Christopher “Christy” Dunne was born and raised and will one day die on the north side of the River Liffey. It’s the working-class side of Dublin and Christy takes pride in that.

He is a short man with a neck as wide as his head, probably somewhere north of 50, and his graying hair cropped close. He wears black tennis shoes, black shorts, and a red North Face tee shirt that fits a wee bit too snug about a middle age paunch. He will tell you that he’s put on a few pounds since his welter weight days in the 80s when he was the All Ireland champion with 57 K O’s .

He drives through Dublin, effortlessly darting between lanes, rolling down his window to give Sharon a tease because her car is sporting a handicapped license plate when he knows she just came from climbing the hills of Athens, or another cabby who is already regretting, before he has even left Dublin, that he agreed to drive a group of dim-witted Americans to sightsee in Belfast.
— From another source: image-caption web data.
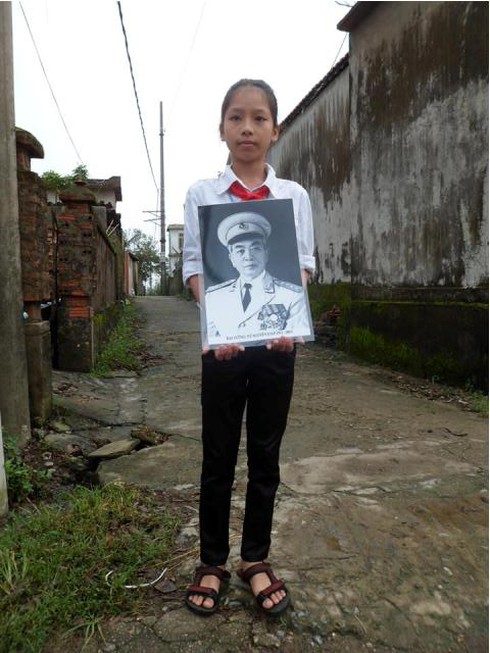 Tường thuật trực tiếp lễ Quốc tang Đại tướng Võ Nguyên Giáp sáng 12/10. - ảnh 5
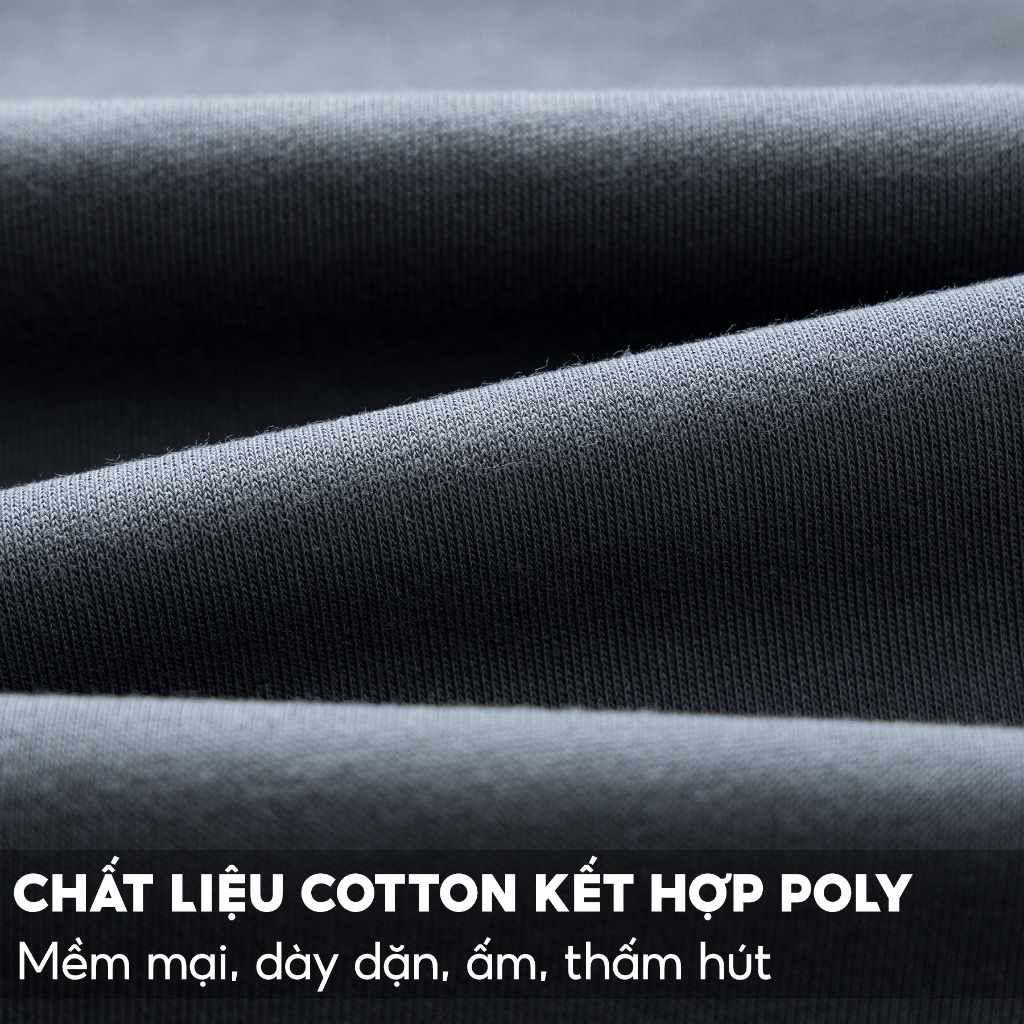 Bộ Quần Áo Dài Tay Nam 5S FASHION, Chất Dày Dặn, Mềm Mịn, Thiết Kế Thể Thao, Năng Động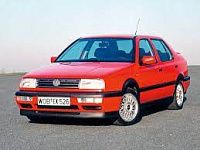 Аккумулятор для Volkswagen (Фольксваген)  Jetta  III 1991 - 1998 фото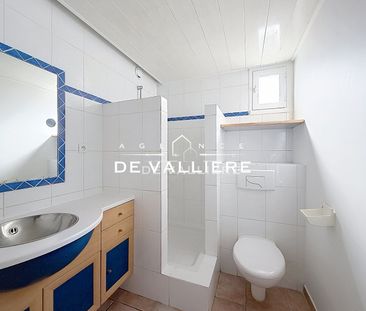 Location Appartement 1 pièce 33m² NANTERRE 92000 - Photo 3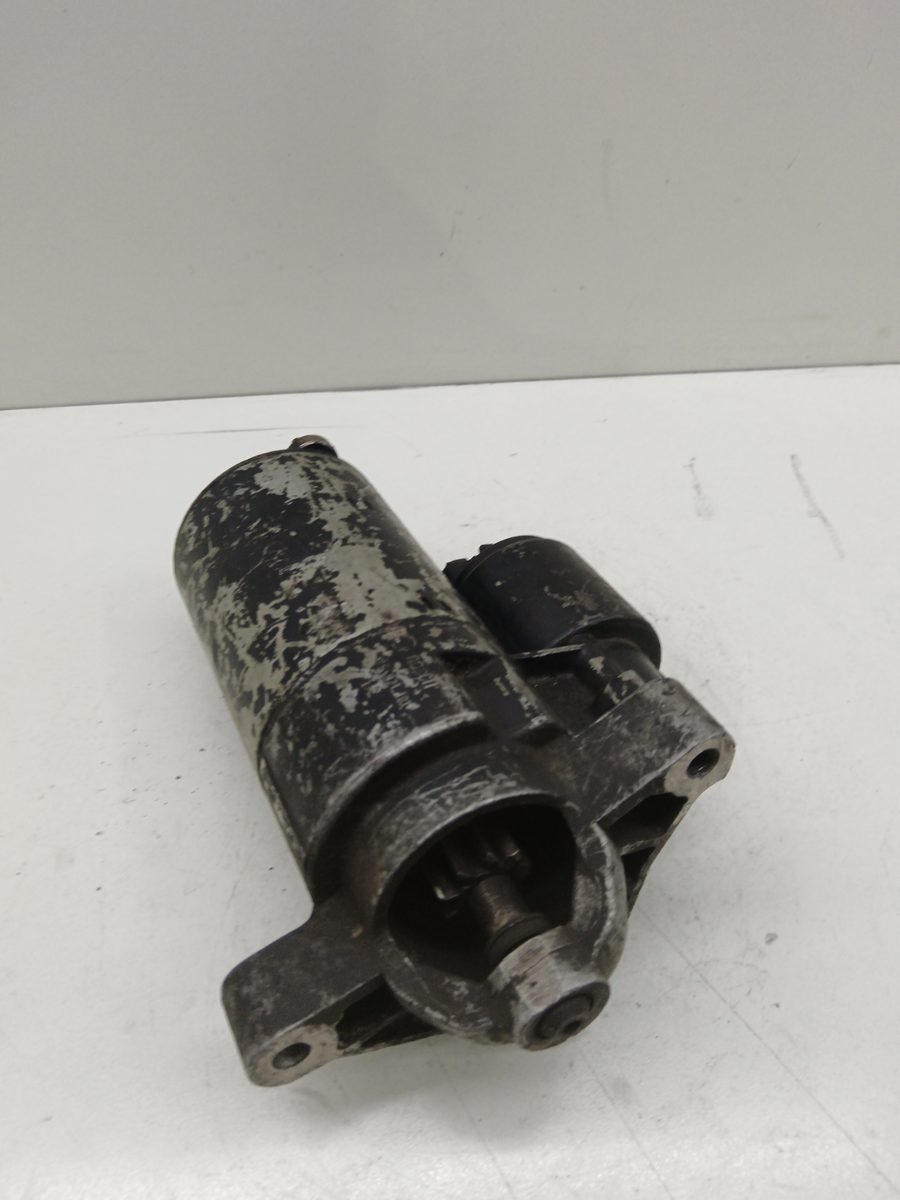 Burro De Arranque Citroën Ax 1987-1998 GT 1.4L 62kW 1005821181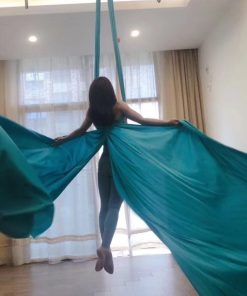 Tela para Gimnasia Artistica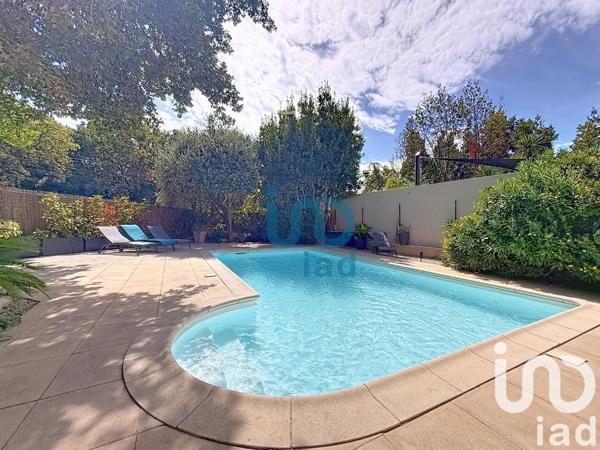 Maison à vendre 5 pièces 125 m² Six-Fours-les-Plages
Christy turned down the high fare jaunt because he had to get back to “train the kids” at the boxing gym.

His phone rings. His wife. He politely tells her he can’t talk now. He hangs up and explains what he sees as the beauty of owning his own taxi. If a customer pisses him off, he can call it a day and go home. And if his wife pisses him off, he can tell her there’s hurling match at “the Croker” and the fare rich fans streaming from the stands  is just too lucrative to pass up. When we tell Christy that we are getting married, he asks if we have been married before. We tell him yes. He pauses with a wry grin and tells us “ye’s look happy.” Then, chuckling, not really meaning it, he says “so there’s a chance I could be happy again too? , 

A cyclist darts in front of us as and Christy, who will tell you he’s not a fan of the sport, announces with a mischievous grin at us in his rear-view mirror, “Watch this. I’ll wash his face for him” We catch up and as Christy passes, he turns his wipers and window wash on, spraying the cyclist. 

When he’s not teaching his lads boxing, Christy is a fan of Irish football and hurling. Dublin is the perennial powerhouse in football, but Kilkenny, Cork and Tipperary own hurling. Christy takes pride in the fact that both leagues are amateur, not professional, and 83,000 Dubliners will fill The Croker to watch them.

We arrive at Hertz to pick up our car to head toward Newgrange and the Mourne Mountains.  Christy grabs our bags. I ask if I might take a picture. He pretends to plant a big kiss on Cathy, shakes my hand, tells me I’m a lucky man, and tells Sean, the parking lot attendant at Hertz, another Dubliner Christy knows, 

“Ye take good care of me friends, now lad.”